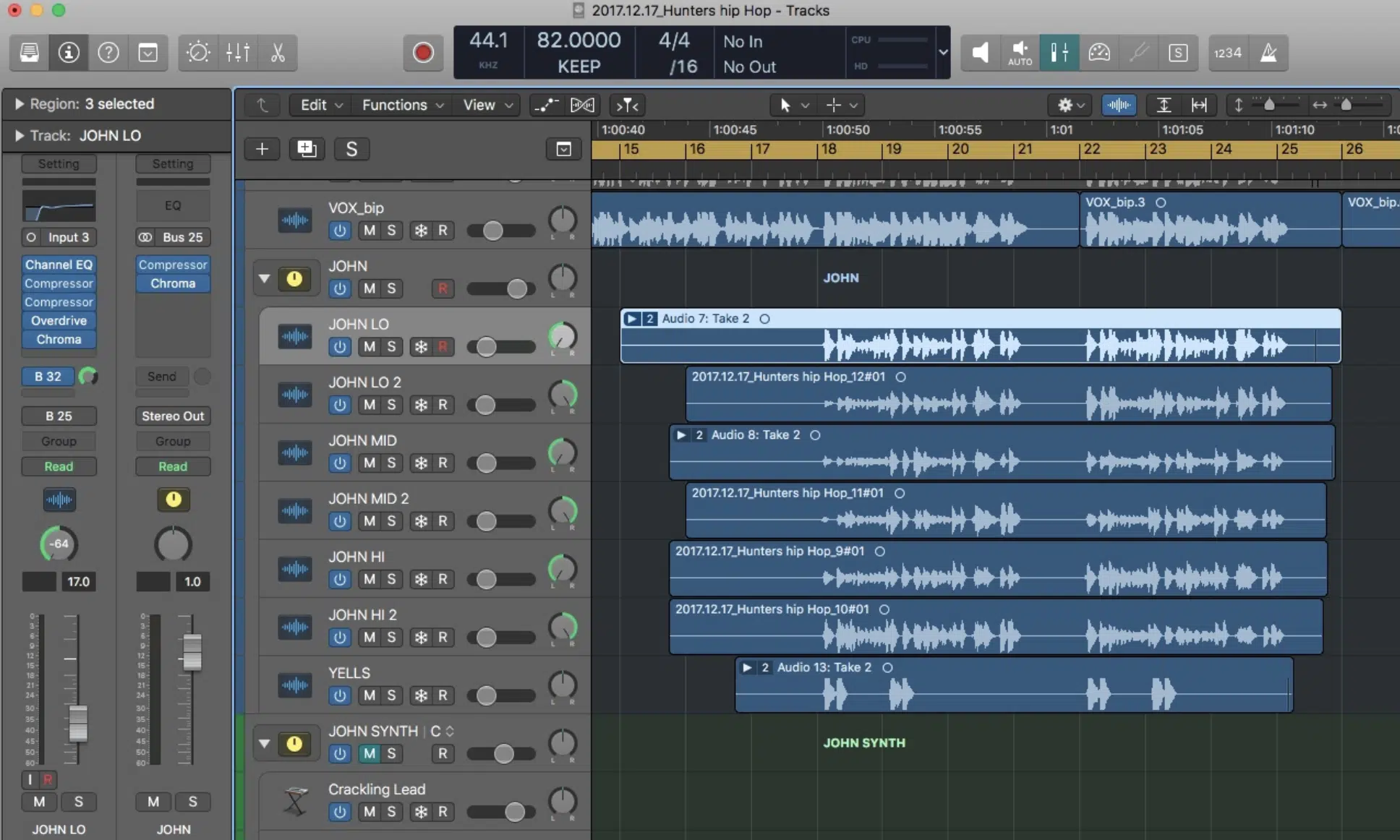 Logic Pro Recording - Unison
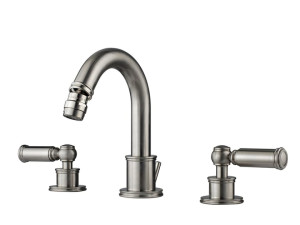 Смеситель для биде с 3 отверстиями и поворотным горлышком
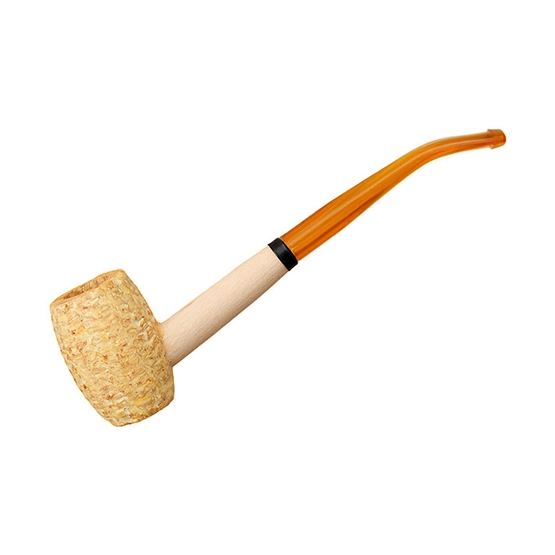 Missouri Meerschaum Mizzou Corn Cob – Bent Pipe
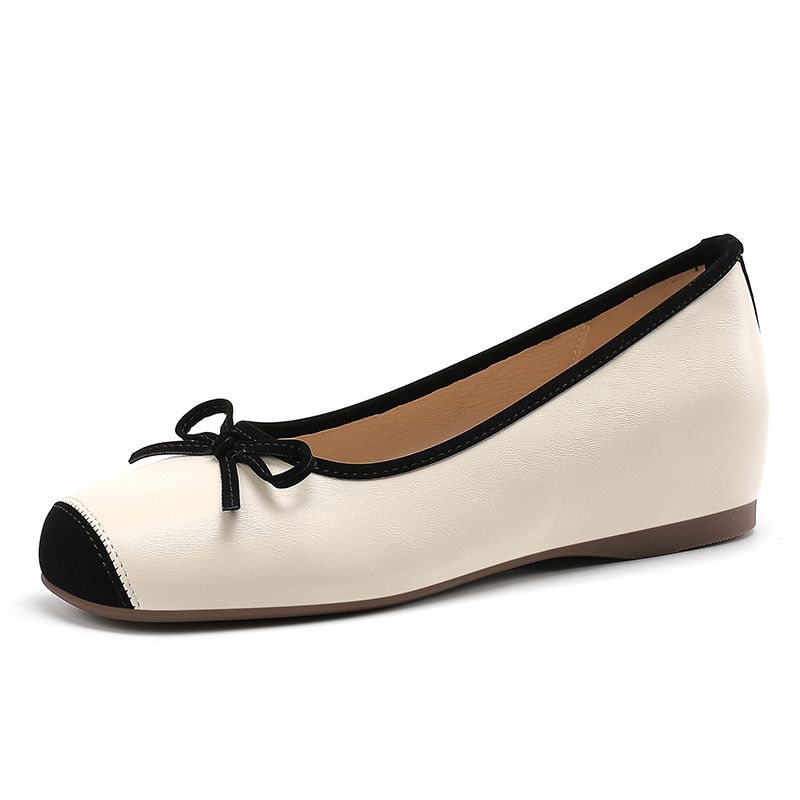 Spring Summer Flats 2026 New Fairy Style Soft Sole Round Toe Height-Increasing Women's Ballet Shoes Comfortable And_vogvips.com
──────
### Problem:
Take the lines from the one holding "Missouri Meerschaum Mizzou" through the last line of the data above and copy them exactly, both ends included, omitting all pictures.

### Completed exercise:
 Missouri Meerschaum Mizzou Corn Cob – Bent Pipe
 Spring Summer Flats 2026 New Fairy Style Soft Sole Round Toe Height-Increasing Women's Ballet Shoes Comfortable And_vogvips.com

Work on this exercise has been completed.